Шесть листов — в них графическое повествование о причинах восстания, его кульминации и краха. Шесть композиций, для названия каждой одно слово: «Нужда», «Голод», «Совещание», «Поход», «Штурм», «Конец».
В Берлине быстрее пришла зрелость. В двадцать шесть лет Кольвиц научилась обобщать наблюдения.
Она хотела сделать все сюжеты в офортах. Сохранились оттиски с этих попыток. Между одной и другой графической мыслью прошли месяцы.
Но ни один из оттисков нельзя признать готовым. Несмотря на то, что она не расставалась с гравировальной иглой и научилась управлять секретами травления, ей еще недоставало технических навыков.
От офорта пока пришлось отказаться. Первые три темы серии Кольвиц осуществила в литографии.
Гладкий песчаник, на котором можно просто рисовать жирным литографским карандашом, пока был более послушным под руками молодой художницы.
Вот перед нами первая литография серии. Она не нуждается ни в какой подписи. В черной мгле лачуги едва различим силуэт ткацкого станка — источника жизни и виновника смерти.
Изможденная женщина обхватила руками голову. Она исстрадалась, перед ней хрупкое тело ребенка с лицом старца.
Такие здесь дети, потому что они лакомятся лишь очистками в помойных ямах. Такие здесь женщины, потому что один кусок хлеба они делят между несколькими голодными ртами.
В заткнутое тряпкой оконце врывается мороз. И не отогреть матери замерзшего больного ребенка, не вернуть его к жизни.
Горе повисло в этой лачуге, застывшее горе бедняка.
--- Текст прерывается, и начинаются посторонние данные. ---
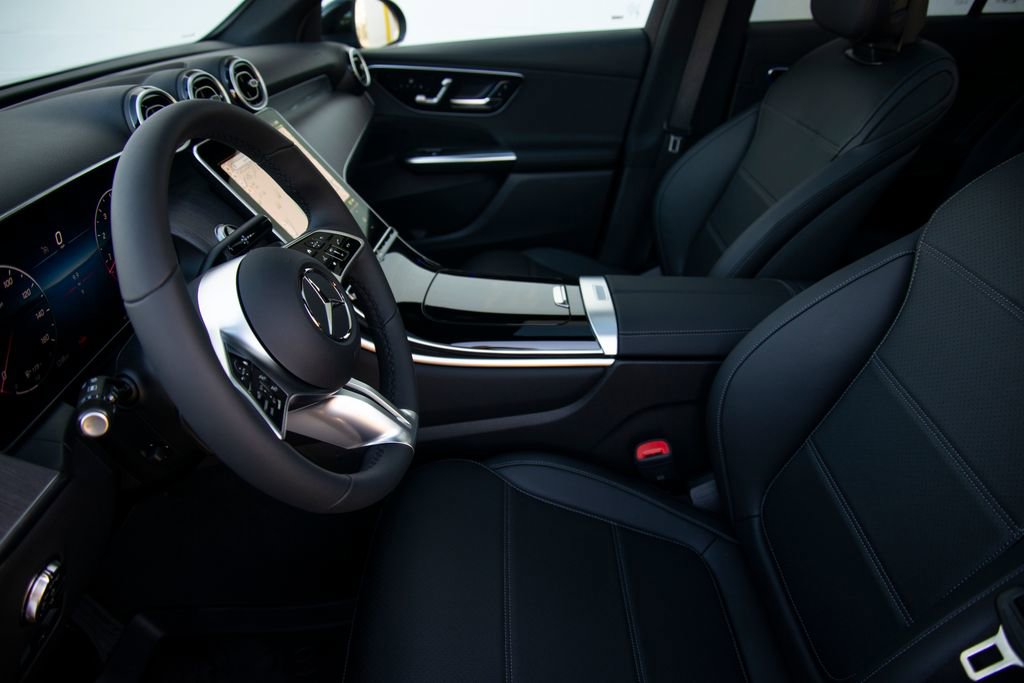 New 2026 Mercedes-Benz GLC 300 4MATIC image 11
Нежное сердце женщины и мужественное сердце борца слились в этом первом листе. Он вызывает содрогание и поныне через десятки лет. Он взывает к борьбе.
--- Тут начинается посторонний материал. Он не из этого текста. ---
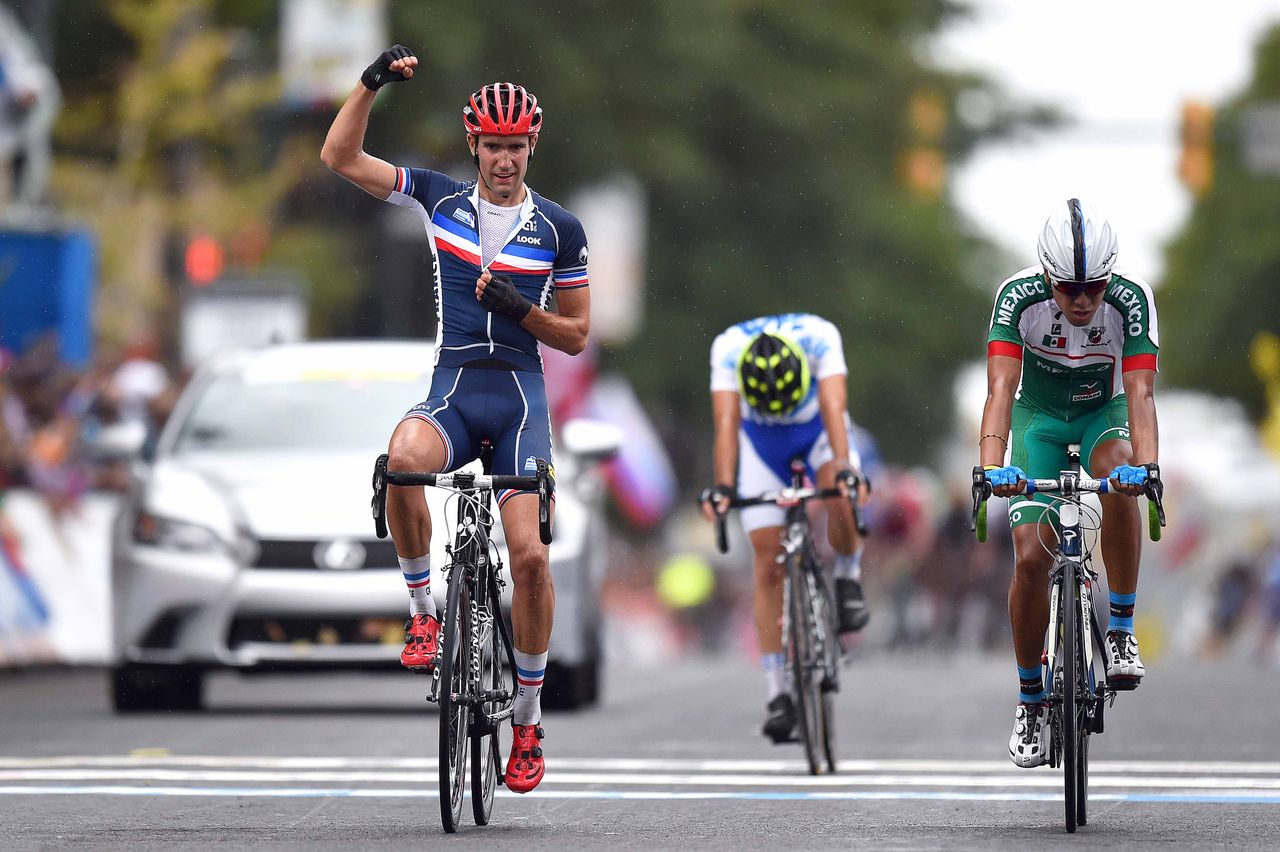 Fabien Grellier (France) celebrates his teammates victory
Когда вы взглянете в застывшие глаза ребенка, сидящего у стола, освещенного свечой, вы ощутите меру его недетского горя. Смерть пришла в комнату, смерть унесла жизнь матери. Впереди — неотвратимость сиротства.
В трех последующих листах — народный гнев. Пучок света вырывает лица сомкнувшихся в едином порыве рабочих. Стремление к действию, план протеста читается в этих сосредоточенных на одной мысли лицах.
Здесь штаб восстания, его вожаки.
По улицам уже бредут ткачи с мотыгами, кольями, изможденные, но решительные, не зная, зачем они идут, но понимая, что дальше так жить нельзя. Одним еще кажется, кого-то можно убедить, кто-то еще отзовется на их общий клич.
Других ведет слепая ненависть: пусть знают богачи, что любому терпению приходит конец. В походе ткачей участвует и женщина, на спине у нее уснул ребенок. Она бредет со всеми, чтобы призвать к ответу виновников ее мук.
У барского особняка собрались ткачи. Разворочена мостовая, и женщина, собирая камни в фартуке, передает их мужчинам. Летят булыжники в окна барского дома, бьются стекла, и поддаются чугунные тяжелые ворота.
Вспомнились Кэте Кольвиц юношеские мечты о баррикадах на улицах восставшего города, и она сама подносит патроны бойцам.